WORK TO BE COMPLETED: The data beneath this task is to be duplicated exactly, in its entirety.

════════════════

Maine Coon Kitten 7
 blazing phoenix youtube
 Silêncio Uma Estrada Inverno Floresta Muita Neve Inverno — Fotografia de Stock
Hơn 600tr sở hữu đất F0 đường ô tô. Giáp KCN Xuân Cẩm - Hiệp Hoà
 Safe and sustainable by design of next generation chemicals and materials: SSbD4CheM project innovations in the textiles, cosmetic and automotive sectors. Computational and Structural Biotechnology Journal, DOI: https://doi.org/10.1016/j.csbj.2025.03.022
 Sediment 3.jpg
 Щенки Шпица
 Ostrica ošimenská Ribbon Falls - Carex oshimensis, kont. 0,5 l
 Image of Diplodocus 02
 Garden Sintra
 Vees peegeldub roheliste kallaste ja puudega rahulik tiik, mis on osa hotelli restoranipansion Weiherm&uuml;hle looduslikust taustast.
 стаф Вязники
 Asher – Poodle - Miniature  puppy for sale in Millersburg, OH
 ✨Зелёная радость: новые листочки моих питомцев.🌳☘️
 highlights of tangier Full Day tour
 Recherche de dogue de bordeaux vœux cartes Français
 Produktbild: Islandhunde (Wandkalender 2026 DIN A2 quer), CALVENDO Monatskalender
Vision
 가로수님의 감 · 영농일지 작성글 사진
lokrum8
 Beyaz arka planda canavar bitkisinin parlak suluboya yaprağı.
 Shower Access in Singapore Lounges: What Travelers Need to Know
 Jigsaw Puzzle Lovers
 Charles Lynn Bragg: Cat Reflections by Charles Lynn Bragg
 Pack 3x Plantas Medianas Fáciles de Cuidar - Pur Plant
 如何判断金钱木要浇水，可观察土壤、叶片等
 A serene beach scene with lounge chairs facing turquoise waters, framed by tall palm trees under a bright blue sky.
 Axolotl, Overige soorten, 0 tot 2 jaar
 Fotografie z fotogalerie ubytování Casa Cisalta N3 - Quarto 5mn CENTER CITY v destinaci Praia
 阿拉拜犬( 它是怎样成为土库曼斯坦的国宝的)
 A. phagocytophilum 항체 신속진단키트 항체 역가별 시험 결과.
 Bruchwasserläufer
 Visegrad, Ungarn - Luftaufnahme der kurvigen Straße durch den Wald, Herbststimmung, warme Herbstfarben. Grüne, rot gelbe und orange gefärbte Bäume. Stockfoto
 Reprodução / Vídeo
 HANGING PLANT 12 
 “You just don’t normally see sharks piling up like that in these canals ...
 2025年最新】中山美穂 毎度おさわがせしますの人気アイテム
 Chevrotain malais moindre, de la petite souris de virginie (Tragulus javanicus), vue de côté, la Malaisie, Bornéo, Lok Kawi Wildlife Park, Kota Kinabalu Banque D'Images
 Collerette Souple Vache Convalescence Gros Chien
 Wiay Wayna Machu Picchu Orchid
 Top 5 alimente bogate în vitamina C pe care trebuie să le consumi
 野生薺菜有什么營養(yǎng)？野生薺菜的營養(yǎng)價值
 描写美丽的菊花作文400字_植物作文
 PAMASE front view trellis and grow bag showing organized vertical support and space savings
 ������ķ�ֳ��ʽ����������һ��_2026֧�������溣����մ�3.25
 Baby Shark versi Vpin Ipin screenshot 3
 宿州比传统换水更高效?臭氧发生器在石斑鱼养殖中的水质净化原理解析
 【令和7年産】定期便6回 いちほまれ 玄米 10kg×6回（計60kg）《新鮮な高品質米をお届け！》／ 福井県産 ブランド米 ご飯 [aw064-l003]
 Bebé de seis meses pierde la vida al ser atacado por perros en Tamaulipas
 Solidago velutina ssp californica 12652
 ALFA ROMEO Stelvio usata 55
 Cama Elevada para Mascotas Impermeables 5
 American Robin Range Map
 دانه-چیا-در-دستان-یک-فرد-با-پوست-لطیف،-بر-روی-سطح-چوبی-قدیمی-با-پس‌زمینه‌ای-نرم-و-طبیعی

════════════════

ANSWER SECTION:
Maine Coon Kitten 7
 blazing phoenix youtube
 Silêncio Uma Estrada Inverno Floresta Muita Neve Inverno — Fotografia de Stock
Hơn 600tr sở hữu đất F0 đường ô tô. Giáp KCN Xuân Cẩm - Hiệp Hoà
 Safe and sustainable by design of next generation chemicals and materials: SSbD4CheM project innovations in the textiles, cosmetic and automotive sectors. Computational and Structural Biotechnology Journal, DOI: https://doi.org/10.1016/j.csbj.2025.03.022
 Sediment 3.jpg
 Щенки Шпица
 Ostrica ošimenská Ribbon Falls - Carex oshimensis, kont. 0,5 l
 Image of Diplodocus 02
 Garden Sintra
 Vees peegeldub roheliste kallaste ja puudega rahulik tiik, mis on osa hotelli restoranipansion Weiherm&uuml;hle looduslikust taustast.
 стаф Вязники
 Asher – Poodle - Miniature  puppy for sale in Millersburg, OH
 ✨Зелёная радость: новые листочки моих питомцев.🌳☘️
 highlights of tangier Full Day tour
 Recherche de dogue de bordeaux vœux cartes Français
 Produktbild: Islandhunde (Wandkalender 2026 DIN A2 quer), CALVENDO Monatskalender
Vision
 가로수님의 감 · 영농일지 작성글 사진
lokrum8
 Beyaz arka planda canavar bitkisinin parlak suluboya yaprağı.
 Shower Access in Singapore Lounges: What Travelers Need to Know
 Jigsaw Puzzle Lovers
 Charles Lynn Bragg: Cat Reflections by Charles Lynn Bragg
 Pack 3x Plantas Medianas Fáciles de Cuidar - Pur Plant
 如何判断金钱木要浇水，可观察土壤、叶片等
 A serene beach scene with lounge chairs facing turquoise waters, framed by tall palm trees under a bright blue sky.
 Axolotl, Overige soorten, 0 tot 2 jaar
 Fotografie z fotogalerie ubytování Casa Cisalta N3 - Quarto 5mn CENTER CITY v destinaci Praia
 阿拉拜犬( 它是怎样成为土库曼斯坦的国宝的)
 A. phagocytophilum 항체 신속진단키트 항체 역가별 시험 결과.
 Bruchwasserläufer
 Visegrad, Ungarn - Luftaufnahme der kurvigen Straße durch den Wald, Herbststimmung, warme Herbstfarben. Grüne, rot gelbe und orange gefärbte Bäume. Stockfoto
 Reprodução / Vídeo
 HANGING PLANT 12 
 “You just don’t normally see sharks piling up like that in these canals ...
 2025年最新】中山美穂 毎度おさわがせしますの人気アイテム
 Chevrotain malais moindre, de la petite souris de virginie (Tragulus javanicus), vue de côté, la Malaisie, Bornéo, Lok Kawi Wildlife Park, Kota Kinabalu Banque D'Images
 Collerette Souple Vache Convalescence Gros Chien
 Wiay Wayna Machu Picchu Orchid
 Top 5 alimente bogate în vitamina C pe care trebuie să le consumi
 野生薺菜有什么營養(yǎng)？野生薺菜的營養(yǎng)價值
 描写美丽的菊花作文400字_植物作文
 PAMASE front view trellis and grow bag showing organized vertical support and space savings
 ������ķ�ֳ��ʽ����������һ��_2026֧�������溣����մ�3.25
 Baby Shark versi Vpin Ipin screenshot 3
 宿州比传统换水更高效?臭氧发生器在石斑鱼养殖中的水质净化原理解析
 【令和7年産】定期便6回 いちほまれ 玄米 10kg×6回（計60kg）《新鮮な高品質米をお届け！》／ 福井県産 ブランド米 ご飯 [aw064-l003]
 Bebé de seis meses pierde la vida al ser atacado por perros en Tamaulipas
 Solidago velutina ssp californica 12652
 ALFA ROMEO Stelvio usata 55
 Cama Elevada para Mascotas Impermeables 5
 American Robin Range Map
 دانه-چیا-در-دستان-یک-فرد-با-پوست-لطیف،-بر-روی-سطح-چوبی-قدیمی-با-پس‌زمینه‌ای-نرم-و-طبیعی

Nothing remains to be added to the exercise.